Exam DP203 SQL Management

From MillerSql.com

SQL Pool management

In SQL pools, the unit of scale is an abstraction of compute power that is known as a DWU - data warehouse unit

You can scale a Synapse SQL dedicated pool through:

  1. Azure portal (click on Scale, then drag a slider)
  2. Synapse Studio (also right-click- scale + slider)
  3. TSQL: ALTER DATABASE mySampleDataWarehouse MODIFY (SERVICE_OBJECTIVE = 'DW300c')
  4. PowerShell: Set-AzSqlDatabase -ResourceGroupName "resourcegroupname" -DatabaseName "mySampleDataWarehouse" -ServerName "sqlpoolservername" -RequestedServiceObjectiveName "DW300c"

Spark Pools

To do the same with Spark pools, you can click "Scale" in Synapse Studio.

Spark Pool Autoscale

"Auto Scale Settings" in the Azure portal, or "scale" in Synapse Studio.

AutoScale collects the following metrics as it runs:

Total Pending CPU The total number of cores required to start execution of all pending nodes.
Total Pending Memory The total memory (in MB) required to start execution of all pending nodes.
Total Free CPU The sum of all unused cores on the active nodes.
Total Free Memory The sum of unused memory (in MB) on the active nodes.
Used Memory per Node The load on a node. A node on which 10 GB of memory is used, is considered under more load than a worker with 2 GB of used memory.

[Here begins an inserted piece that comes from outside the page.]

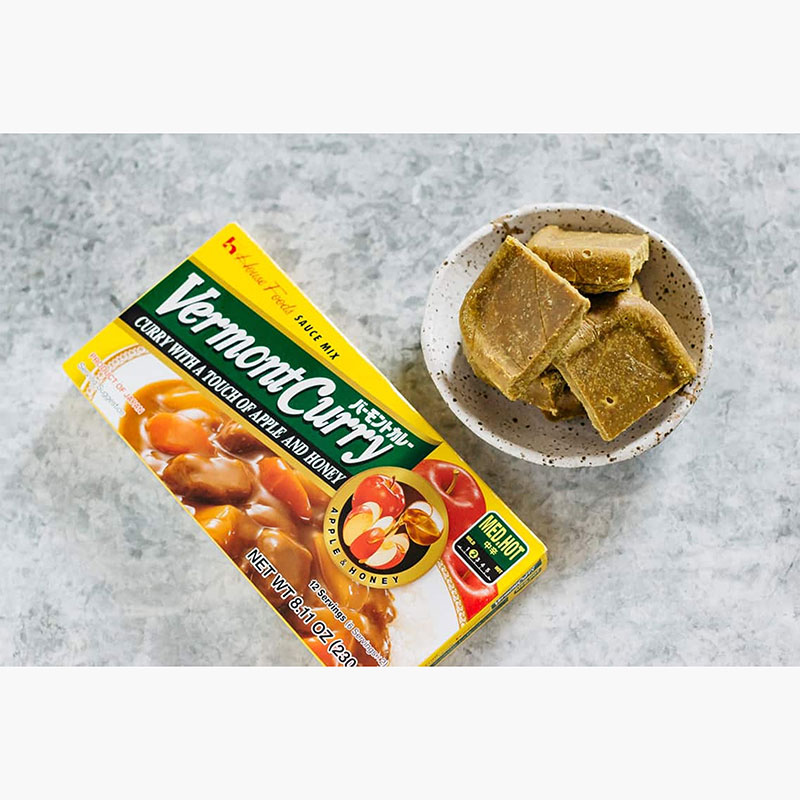 Viên xốt cà ri vermont cay vừa 230g (12 phần ăn) thương hiệu HOUSE FOODS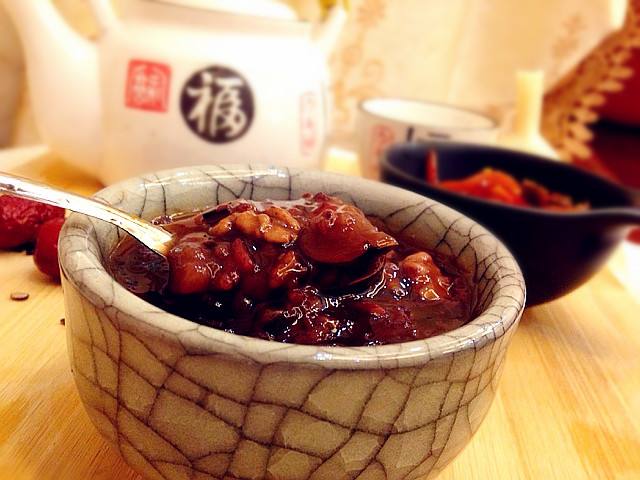 女人吃什么補(bǔ)氣血最快最好？什么湯最補(bǔ)氣血？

The following conditions will then autoscale the memory or CPU:

Scale-up Scale-down
Total pending CPU is greater than total free CPU for more than 1 minute. Total pending CPU is less than total free CPU for more than 2 minutes.
Total pending memory is greater than total free memory for more than 1 minute. Total pending memory is less than total free memory for more than 2 minutes.

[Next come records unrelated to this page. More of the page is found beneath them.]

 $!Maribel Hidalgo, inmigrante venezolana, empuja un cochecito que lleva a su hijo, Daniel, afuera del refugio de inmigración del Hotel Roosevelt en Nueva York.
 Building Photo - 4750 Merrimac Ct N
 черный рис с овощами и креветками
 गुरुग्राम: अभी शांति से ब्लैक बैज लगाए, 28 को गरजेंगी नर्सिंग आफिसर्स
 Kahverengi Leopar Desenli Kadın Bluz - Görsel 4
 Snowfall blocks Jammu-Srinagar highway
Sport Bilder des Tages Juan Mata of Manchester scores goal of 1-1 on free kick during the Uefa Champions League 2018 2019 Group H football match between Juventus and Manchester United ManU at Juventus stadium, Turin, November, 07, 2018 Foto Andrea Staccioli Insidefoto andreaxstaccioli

Fundamentally, scale up and down occur when the pending (required) CPU and memory is too small or too large compared with the free memory.

Pool pausing

To save money, pause SQL pools and Spark pools that are not being used. This can be done in Synapse Studio for both SQL and Spark pools, or in the portal for SQL pools. Or you can set up autopause to pause after 15 minutes of idleness.

Workload prioritization

You can set the following properties on workloads, in order to allow the system to choose which ones to prioritize if there is more than one running at the time:

  • Workload Classification
  • Workload Importance
  • Workload Isolation

To create a workload group, run:

    Create WORKLOAD GROUP CEODemo WITH  
    ( MIN_PERCENTAGE_RESOURCE = 50        -- integer value
    ,REQUEST_MIN_RESOURCE_GRANT_PERCENT = 25 --  
    ,CAP_PERCENTAGE_RESOURCE = 100
    )

This creates workload group CEODemo, stating that anything that runs under it, will have the stated resources at their disposal.

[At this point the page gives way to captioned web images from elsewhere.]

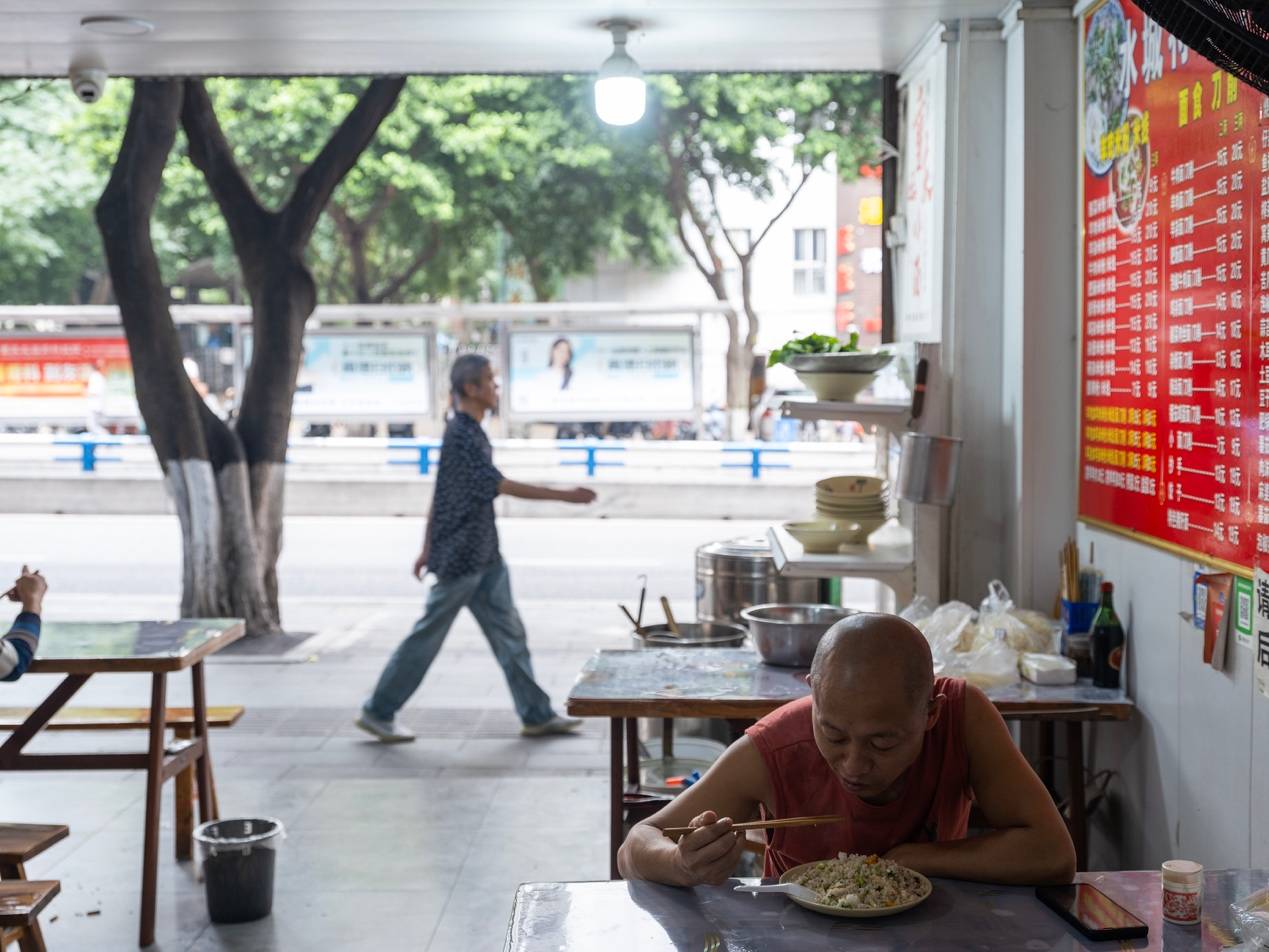 <strong></p>
<p>国内数字货币</strong>他们挤在8元一晚的旅店 几百人抢一个活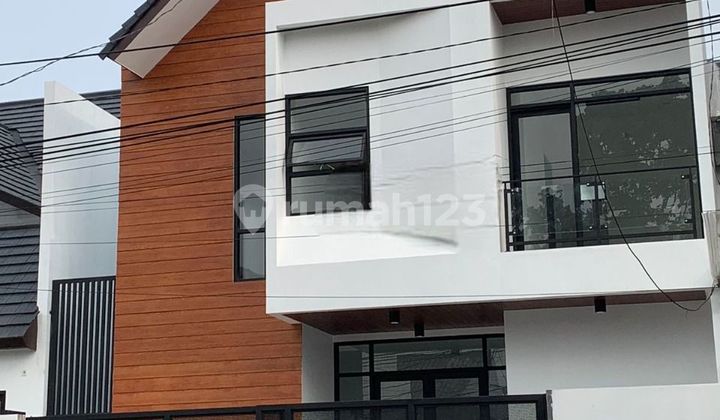 Disewakan Rumah Cocok untuk Kantor Lokasi Strategis di Sukaluyu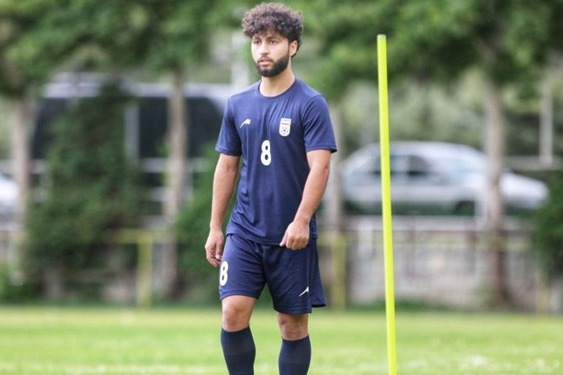 علیرضا باویه از ناحیه رباط صلیبی دچار مصدومیت شد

Next, to create a Workload Classifier, setting the importance of a login, run::

CREATE WORKLOAD CLASSIFIER CEO
  WITH (WORKLOAD_GROUP = 'CEODemo'
  ,MEMBERNAME = 'asa.sql.workload01',IMPORTANCE = High);

This creates classifier "CEO" that applies to login "asa.sql.workload01", giving queries run by this login a high importance, and assignment to the CEODemo workload group.

This means that when that login runs queries, then a select (in a different connection) on sys.dm_pdw_exec_requests shows them as importance=high - as well as the query running with the resources given to it by the Workload group.

Other

[Max Concurrency] = [CAP_PERCENTAGE_RESOURCE] / [REQUEST_MIN_RESOURCE_GRANT_PERCENT]

Azure Advisor

Click Advisor in the Azure Portal, to open the Advisor app. It displays tiles giving information on the following:

  • Cost
  • Security
  • Reliability
  • Operational excellence
  • Performance

You can click on each tile to get more information and recommendations, for example to create statistics.on table columns. View impacted tables.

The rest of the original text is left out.